Con lo que no estamos conformes es con el retraso que han tenido las inversiones. El 31 de diciembre del año pasado debió terminarse el muelle de 14 metros de profundidad, ese era uno de los compromisos. Se está construyendo, pero está muy lejos de terminarse. Es cierto que TCP en determinado momento al evaluar el proyecto tuvo la iniciativa de alargar el muelle a más de 300 metros, se lo autorizamos, pero eso no necesariamente modificaba los plazos y no necesariamente explica el atraso que ya tiene esa obra y que nos preocupa.
-¿Y en concreto sobre la segunda terminal?
-Respecto a cómo concebimos el futuro del Puerto de Montevideo y el manejo de los contenedores, estamos convencidos que no puede estar supeditado a que la demanda le imponga determinadas obras e inversiones sino que pensamos que tenemos que saber prever y adelantarnos a las necesidades para sostener el desarrollo del país, antes que la demanda nos lo imponga. Porque cuando la demanda golpea la puerta si no hay la posibilidad de ofrecerle los servicios requeridos, la carga no se queda esperando en la bahía y baja por otros puertos de la región.
En función de eso es que estamos examinando cuáles son los pasos y el momento más conveniente en que se deben dar, para garantizar al Uruguay y a la ANP los mejores resultados en un mundo tan competitivo como el marítimo.
Esto no es un sueño de parte del gobierno porque resulta que frente al anuncio de nuestros estudios hay muchos de los más importantes armadores del mundo que hicieron conocer su interés en la definición que vamos a tomar. Eso será en su momento y la vamos a ejecutar en función de los intereses del Uruguay que no necesariamente tienen que coincidir con el interés en particular de alguna empresa ni de las que operan ni de las que tienen la aspiración de operar.
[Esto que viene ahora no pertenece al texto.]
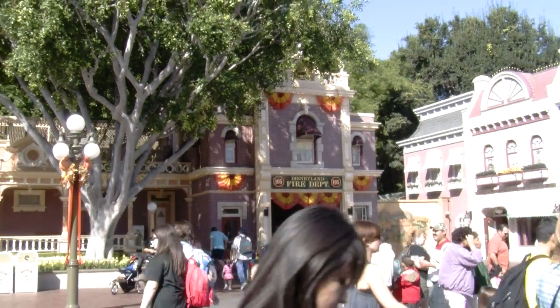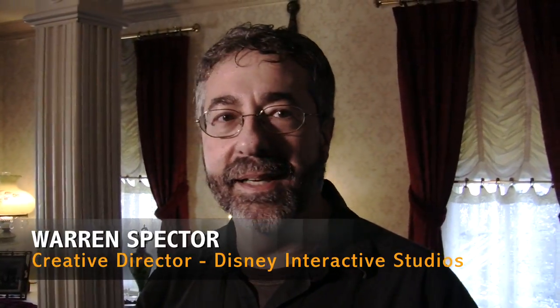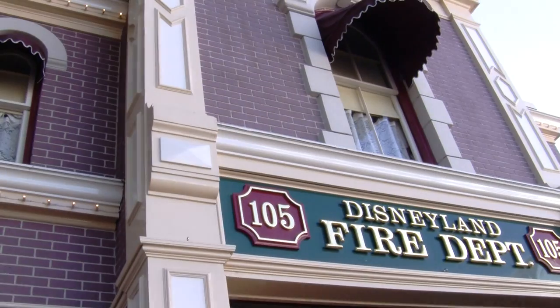When we decided that the game was going to be set in a version of Disneyland, I knew that we had to include Walt's apartment. It's legendary. It's a part of park lore.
Nuestra obligación es decidir lo que al país le conviene y no resultarle simpático con nuestra decisión a tal o cual emprendimiento privado. Eso sí, a todos ellos los vamos a respetar y vamos a hacer valer los contratos tanto en las obligaciones de ellos como en las del Estado. Esta es nuestra posición pública que hemos encarado como un compromiso del gobierno.
-¿La bahía no va a quedar pequeña con dos terminales de contenedores, una terminal pesquera, un dique seco, una terminal de cruceros, una regasificadora y la Armada Nacional?
-Yo desearía que el problema fuera que nos empiece a quedar chica porque eso significaría que el país ha crecido enormemente, pero además si el obstáculo fuera ese, tenemos costas para buscar soluciones para eso. Acá el asunto es que Uruguay necesita vivir el presente y pensar el futuro para que sea de crecimiento para el país porque es la única manera que podemos vivir mejor, por eso queremos que se desarrolle exitosamente la actual actividad que tiene el puerto y que se multiplique la actual actividad de la bahía y queremos dejar preparadas las bases para que quienes nos sucedan puedan poner finalmente en marcha ese puerto oceánico que se necesita. Simultáneamente deseamos que todos los puertos integren un sistema portuario nacional que esté conectado al país y a la región a través de un sistema multimodal de transporte. Esa es nuestra tarea.